Starring Konkona Sen Sharma, Bhumi Pednekar, Aamir Bashir, Vikrant Massey, Karan Kundra

Directed by Alankrita Shrivastava

Rating:*** ½

Post-feminist cinema in India suffers from post-coital fatigue. It goes around and around wearing the same heart on the sleeve, same save-woman-save-the-planet logo on the teeshirt, same obsession with caddish husbands and rebellious wives, sex-seeking selfish boyfriends, etc etc.

Alankrita Shrivastava’s third feature film has one of both, a caddish husband and a selfish boyfriend. There is a power-driven inner-driven intensity about Alankrita’s storytelling which sucks us into its characters’ famished world of inchoate desires.

Sexual fulfilment and the Big O are huge concerns in Alankrita’s cinema. In her last highly-acclaimed Lipstick Under The Burqa, Konkona Sen Sharma lay listless under her heaving husband. As Dolly, Konkona is still stuck in the same place. But with a lot more problems this time than Dolly can handle, like a hyper-intense cousin from Darbhanga Kajol, aka Kitty whose Jijajee(Aamir Bashir) wants to have s*x with her. Dolly laughs at her sister’s hormonal delusions about her husband. Dolly has bigger problems, to deal with, like a son who prefers dresses to men’s clothes and the female loo to the male. Dolly has also gone frigid on her husband who slips into the bathroom after a few heaves to masturbate in peace.

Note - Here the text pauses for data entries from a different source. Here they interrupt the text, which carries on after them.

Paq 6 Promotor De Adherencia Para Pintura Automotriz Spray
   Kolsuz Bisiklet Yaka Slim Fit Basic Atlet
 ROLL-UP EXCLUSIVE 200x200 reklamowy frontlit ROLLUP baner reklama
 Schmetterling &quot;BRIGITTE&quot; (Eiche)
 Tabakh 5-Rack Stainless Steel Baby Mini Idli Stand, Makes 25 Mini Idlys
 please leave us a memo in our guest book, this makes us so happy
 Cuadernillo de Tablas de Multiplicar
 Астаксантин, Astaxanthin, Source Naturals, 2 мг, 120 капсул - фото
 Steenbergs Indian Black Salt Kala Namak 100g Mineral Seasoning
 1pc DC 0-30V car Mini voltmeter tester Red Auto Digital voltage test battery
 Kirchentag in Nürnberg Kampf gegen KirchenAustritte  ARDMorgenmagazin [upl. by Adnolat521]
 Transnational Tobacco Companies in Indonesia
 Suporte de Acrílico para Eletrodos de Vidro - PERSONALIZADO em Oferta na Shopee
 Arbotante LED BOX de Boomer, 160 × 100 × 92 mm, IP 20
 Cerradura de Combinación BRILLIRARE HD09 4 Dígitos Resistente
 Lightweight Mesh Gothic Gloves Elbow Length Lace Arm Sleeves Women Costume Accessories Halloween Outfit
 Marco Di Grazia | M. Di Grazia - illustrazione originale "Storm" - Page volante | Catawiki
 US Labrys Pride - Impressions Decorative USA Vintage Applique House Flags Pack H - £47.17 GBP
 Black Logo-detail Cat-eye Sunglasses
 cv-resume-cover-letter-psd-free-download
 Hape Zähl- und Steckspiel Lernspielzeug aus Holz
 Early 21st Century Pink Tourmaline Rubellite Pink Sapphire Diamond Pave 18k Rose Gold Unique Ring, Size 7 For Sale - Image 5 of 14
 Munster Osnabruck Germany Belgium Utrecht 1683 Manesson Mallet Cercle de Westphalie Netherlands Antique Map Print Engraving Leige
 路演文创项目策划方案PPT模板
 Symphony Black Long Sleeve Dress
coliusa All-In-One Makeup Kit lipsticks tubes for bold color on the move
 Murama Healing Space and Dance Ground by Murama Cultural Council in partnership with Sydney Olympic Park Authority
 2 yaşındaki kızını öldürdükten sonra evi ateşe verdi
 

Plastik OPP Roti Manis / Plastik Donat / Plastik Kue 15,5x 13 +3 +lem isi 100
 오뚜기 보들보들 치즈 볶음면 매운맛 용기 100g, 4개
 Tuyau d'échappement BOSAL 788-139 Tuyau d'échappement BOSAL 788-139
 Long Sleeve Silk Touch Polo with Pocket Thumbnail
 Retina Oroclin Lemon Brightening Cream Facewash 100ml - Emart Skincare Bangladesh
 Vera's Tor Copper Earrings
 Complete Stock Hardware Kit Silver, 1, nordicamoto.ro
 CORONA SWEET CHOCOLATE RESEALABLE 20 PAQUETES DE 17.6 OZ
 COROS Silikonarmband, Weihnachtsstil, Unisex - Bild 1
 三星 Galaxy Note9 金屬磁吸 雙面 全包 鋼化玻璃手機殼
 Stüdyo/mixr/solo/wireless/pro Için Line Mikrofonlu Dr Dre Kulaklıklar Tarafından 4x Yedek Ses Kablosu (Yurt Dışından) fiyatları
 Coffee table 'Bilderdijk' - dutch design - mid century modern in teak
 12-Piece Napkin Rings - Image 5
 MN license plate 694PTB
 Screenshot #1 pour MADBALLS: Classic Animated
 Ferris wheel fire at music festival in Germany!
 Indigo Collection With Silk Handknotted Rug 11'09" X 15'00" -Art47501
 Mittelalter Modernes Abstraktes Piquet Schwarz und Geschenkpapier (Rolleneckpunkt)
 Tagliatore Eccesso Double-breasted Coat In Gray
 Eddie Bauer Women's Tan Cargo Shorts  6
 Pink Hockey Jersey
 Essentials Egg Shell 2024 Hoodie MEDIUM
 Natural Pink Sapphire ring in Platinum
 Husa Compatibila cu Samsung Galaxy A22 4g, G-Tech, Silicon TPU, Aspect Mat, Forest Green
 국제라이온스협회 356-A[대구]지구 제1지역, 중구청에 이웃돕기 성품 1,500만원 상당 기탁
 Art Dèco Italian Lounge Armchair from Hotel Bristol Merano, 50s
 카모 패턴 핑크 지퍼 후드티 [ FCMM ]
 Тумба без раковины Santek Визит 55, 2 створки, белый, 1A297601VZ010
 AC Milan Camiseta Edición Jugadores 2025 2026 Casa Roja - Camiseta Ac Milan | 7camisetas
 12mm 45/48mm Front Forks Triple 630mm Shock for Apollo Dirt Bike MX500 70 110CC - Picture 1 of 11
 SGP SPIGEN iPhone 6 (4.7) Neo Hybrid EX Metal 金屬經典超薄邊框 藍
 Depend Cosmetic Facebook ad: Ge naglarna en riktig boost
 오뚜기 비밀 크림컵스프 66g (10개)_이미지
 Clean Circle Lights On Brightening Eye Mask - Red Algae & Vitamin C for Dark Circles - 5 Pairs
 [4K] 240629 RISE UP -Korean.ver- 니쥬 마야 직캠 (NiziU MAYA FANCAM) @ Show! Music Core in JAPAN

“I don’t feel anything down there,” Dolly divulges to Kitty who is more than willing to lend an ear. Kitty’s big speciality is listening in. She works in a phone-sex company. Her aural encounters with sex-starved men would have been funny were it not so sad.

An inquisitive young gentleman calls in to ask the size of her breasts.

“They won’t fit into your hands,” she confidently reassures the hormonally challenged brat.

At times it seems Alankrita has taken on more on her plate than one would imagine she can handle. Miraculously the director balances out her two heroines’ imbalances, hormonal or otherwise, cleverly and smoothly and with bracing shots of humour and irony.

I did encounter some clunky writing towards the end when all hell breaks loose at a public rally for vaginal rights if you please. The endgame is a bit of a hurried sendoff before both the cousin’s Dolly and Kitty find their orgasmic epicenters in life, heaving floors exploding lights and all.

Dolly Aur Kitty is not a film without flaws. The quest for the female orgasm often makes the men in the film look like clumsy insensitive dickheads. While Aamir Bashir as Konkona’s husband still manages to bring a smudge of empathy to his character, Vikrant Massey makes Kitty’s love interest supremely uninteresting.

Rightfully the film belongs to Sen Sharma and Pednekar. Both fearless actors not afraid to strip their characters’ souls in front of the camera even at the risk of embarrassing themselves. The element of intrepidity courses through the veins of this vigorous and vital film about two sisters determined to find their mojo. Even if it means giving an all-new definition to the job of the delivery boy. Like the pizza boy who wants paanch sitare from Konkona’s Dolly for performance,this film too demands a high rating.